--- INFORMATION SUPPLIED Enclosed Below ---

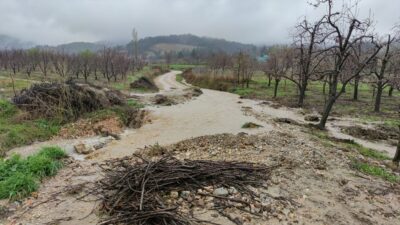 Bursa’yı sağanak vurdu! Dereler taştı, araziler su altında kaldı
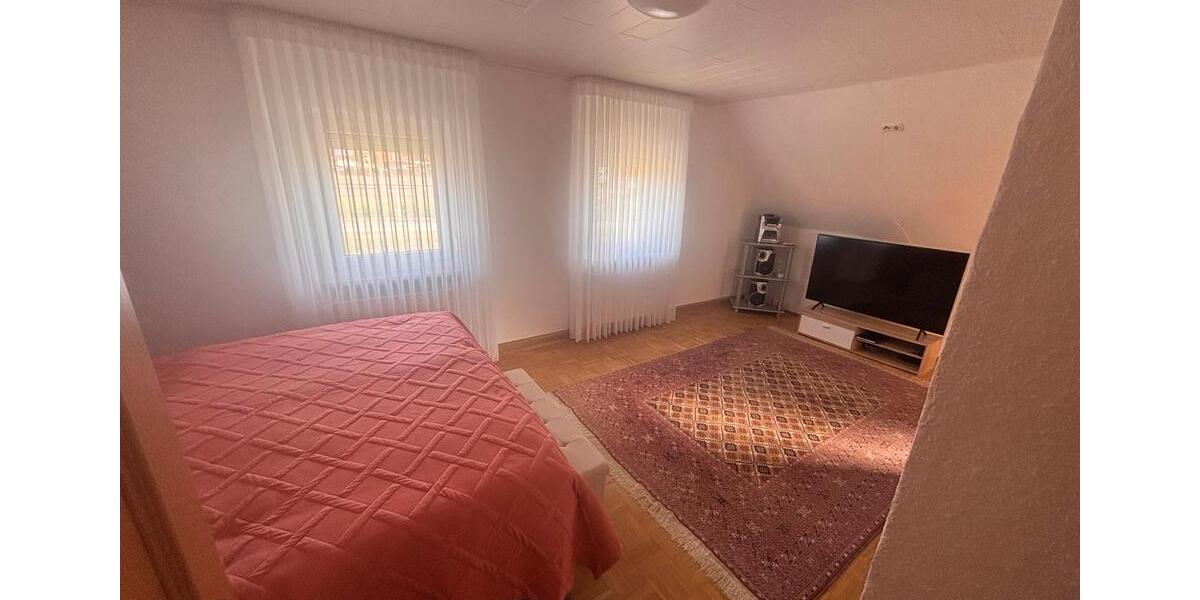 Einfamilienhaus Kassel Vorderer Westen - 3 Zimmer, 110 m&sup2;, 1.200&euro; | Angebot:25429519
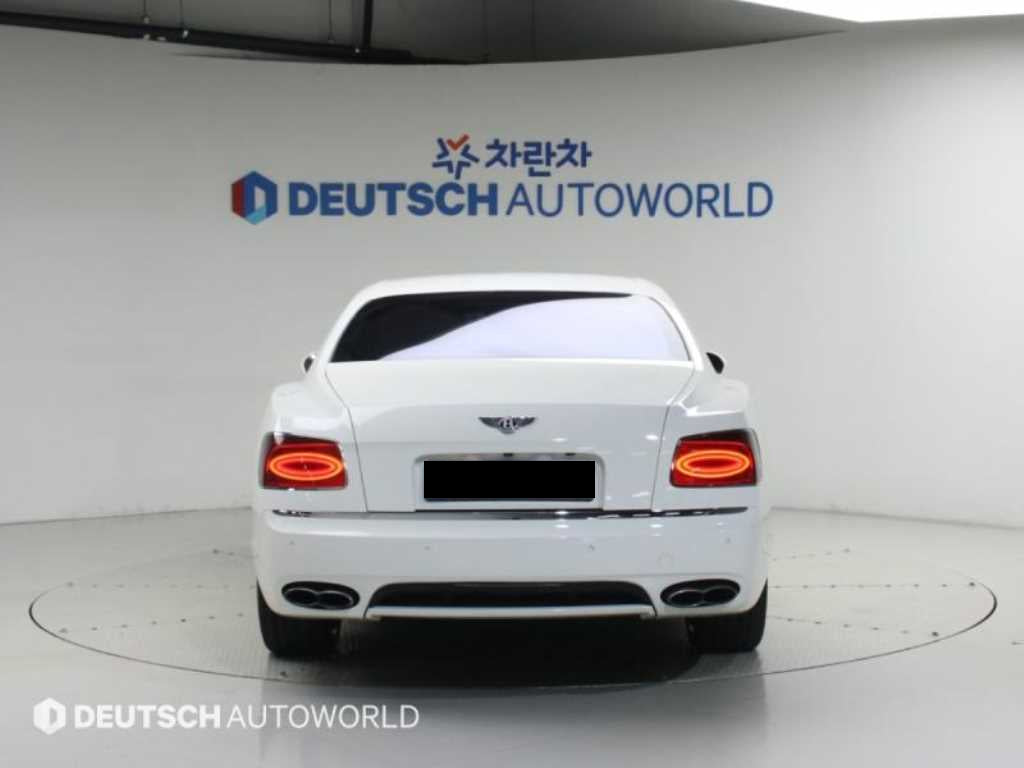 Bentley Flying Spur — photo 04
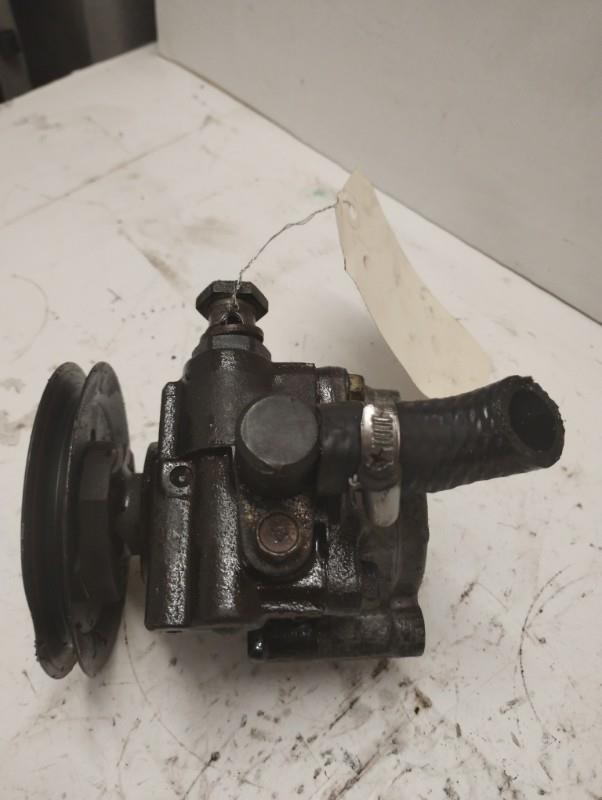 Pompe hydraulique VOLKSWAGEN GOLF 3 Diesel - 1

--- End of Enclosed INFORMATION SUPPLIED ---

▶ **DIRECTIONS FOR THIS TASK**: Omit the pictures and output all remaining material exactly.

▶ **EXPECTED ANSWER**:
 Bursa’yı sağanak vurdu! Dereler taştı, araziler su altında kaldı
 Einfamilienhaus Kassel Vorderer Westen - 3 Zimmer, 110 m&sup2;, 1.200&euro; | Angebot:25429519
 Bentley Flying Spur — photo 04
 Pompe hydraulique VOLKSWAGEN GOLF 3 Diesel - 1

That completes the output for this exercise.